- [Instructions to follow]: Every record that follows must be duplicated exactly, with images left out.

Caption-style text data
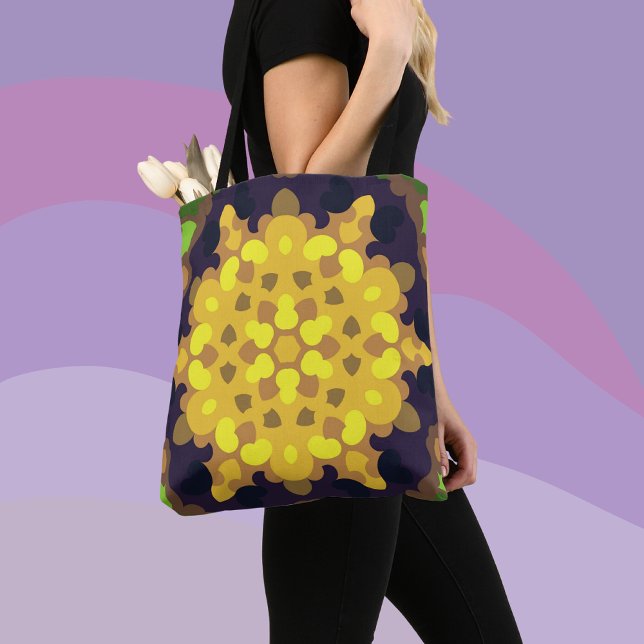 Bolso De Tela Retro Mandala Flor amarillo morado y verde (Subido por el creador)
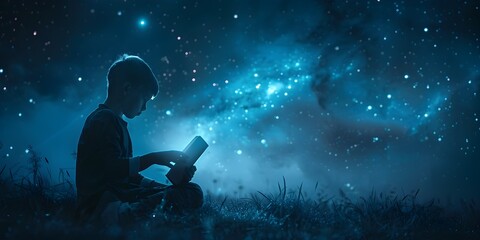 Solitary Starlit Reading A Person Silhouetted Under a Solar Light Immersed in the Cosmic Glow of Luminous Learning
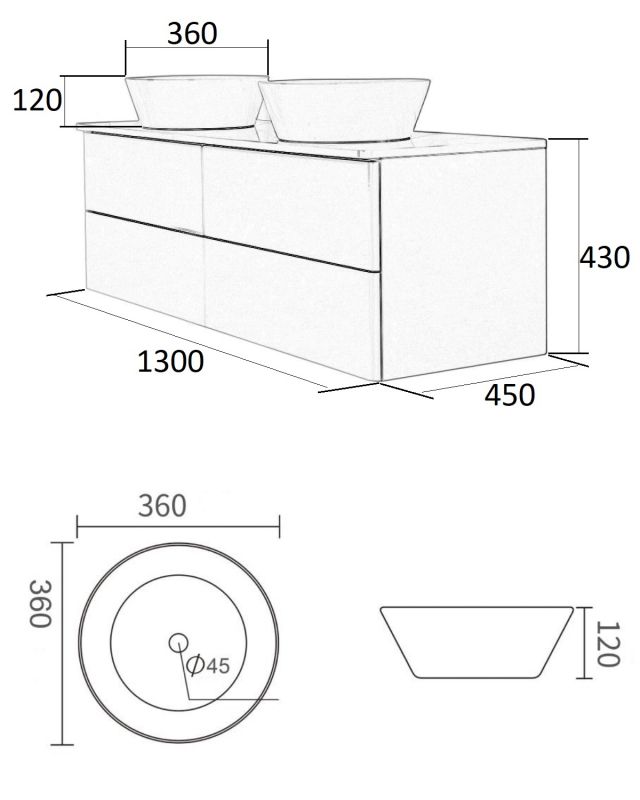 Тумба с раковиной Orange Otto Ot-130TuMDF+B08-360W 55х130 см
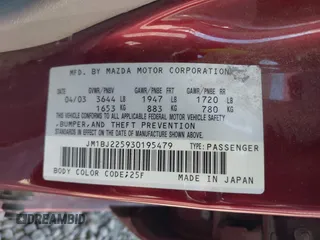 2003 Mazda Protege DX with VIN JM1BJ225930195479, listed as a IAAI auction lot 42199689 with 148,382 mi miles and . Bid and sale history available at DreamBid. Image 9.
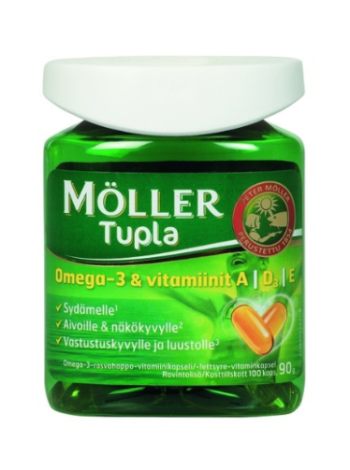 Капсулы Moller Tupla омега-3 витамины A, D и E 150 шт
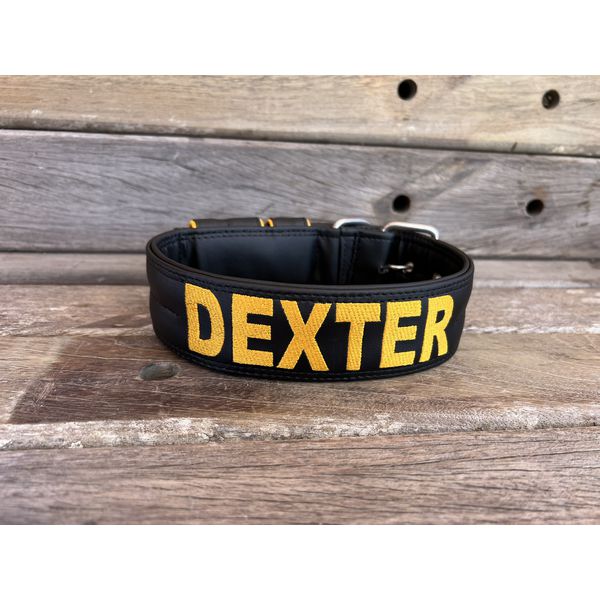 COLEIRA PERSONALIZADA 5cm preta com nome em amarelo petróleo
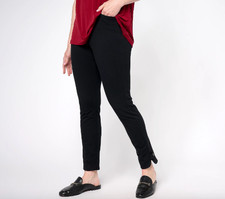 Susan Graver Weekend Premium Stretch REG Slim Ankle Pant , Black Sz 4X a615699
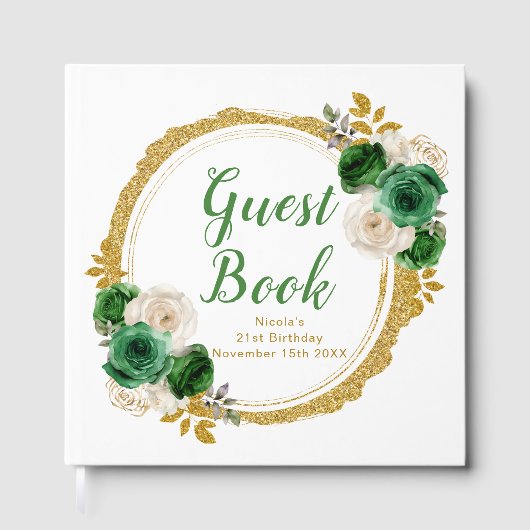 Dark Green and Gold Elegant Flowers Birthday Party ゲストブック (正面)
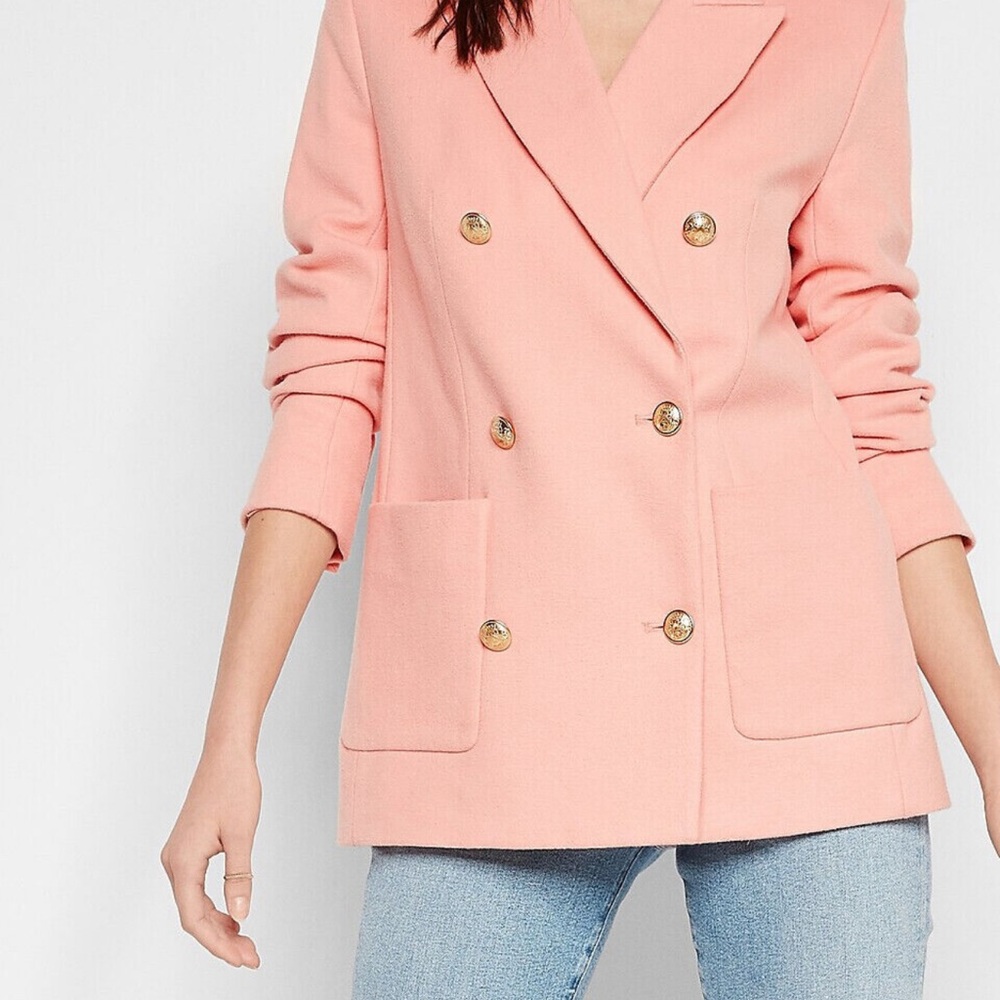 #37 EXPRESS CORAL DOUBLE BREASTED FLANNEL KNIT OVERSIZED BLAZER - Picture 5 of 8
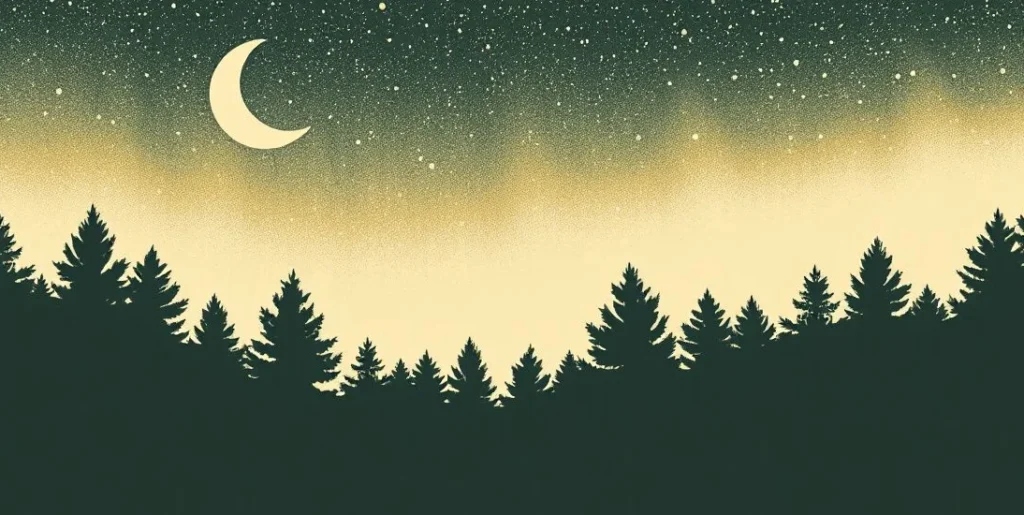 Illustration of a starry night sky and crescent moon over a pine forest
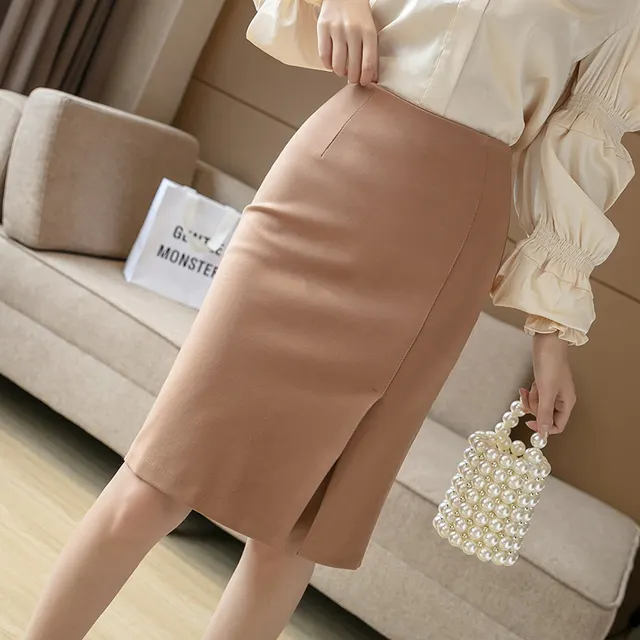 Versatile Stretch High Waist Sexy Slimming Hip Skirt Khaki - Shop at LoveMi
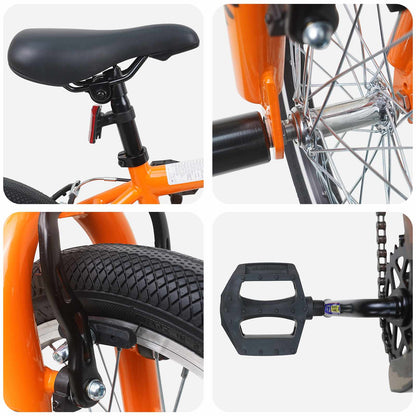 vidaXL BMX Bike 20 Inches for over 9 Years Old Orange 4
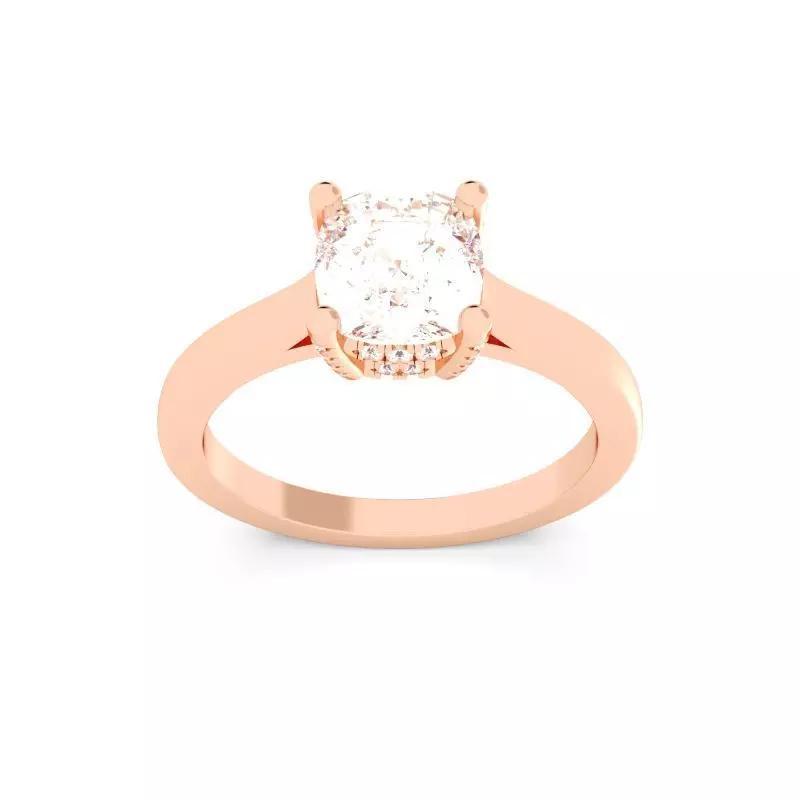 CUSHION Cut Hidden Halo Engagement Ring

- [Task result]:
 Bolso De Tela Retro Mandala Flor amarillo morado y verde (Subido por el creador)
 Solitary Starlit Reading A Person Silhouetted Under a Solar Light Immersed in the Cosmic Glow of Luminous Learning
 Тумба с раковиной Orange Otto Ot-130TuMDF+B08-360W 55х130 см
 2003 Mazda Protege DX with VIN JM1BJ225930195479, listed as a IAAI auction lot 42199689 with 148,382 mi miles and . Bid and sale history available at DreamBid. Image 9.
 Капсулы Moller Tupla омега-3 витамины A, D и E 150 шт
 COLEIRA PERSONALIZADA 5cm preta com nome em amarelo petróleo
 Susan Graver Weekend Premium Stretch REG Slim Ankle Pant , Black Sz 4X a615699
 Dark Green and Gold Elegant Flowers Birthday Party ゲストブック (正面)
 #37 EXPRESS CORAL DOUBLE BREASTED FLANNEL KNIT OVERSIZED BLAZER - Picture 5 of 8
 Illustration of a starry night sky and crescent moon over a pine forest
 Versatile Stretch High Waist Sexy Slimming Hip Skirt Khaki - Shop at LoveMi
 vidaXL BMX Bike 20 Inches for over 9 Years Old Orange 4
 CUSHION Cut Hidden Halo Engagement Ring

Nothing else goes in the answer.